◆ **COLLECTED MATERIAL**

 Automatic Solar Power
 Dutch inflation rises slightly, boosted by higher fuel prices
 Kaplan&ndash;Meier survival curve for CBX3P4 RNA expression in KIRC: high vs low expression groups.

◆ **ABOUT THIS TASK**
Print the material in full, exactly as written.

◆ **RESPONSE TO THIS EXERCISE**
 Automatic Solar Power
 Dutch inflation rises slightly, boosted by higher fuel prices
 Kaplan&ndash;Meier survival curve for CBX3P4 RNA expression in KIRC: high vs low expression groups.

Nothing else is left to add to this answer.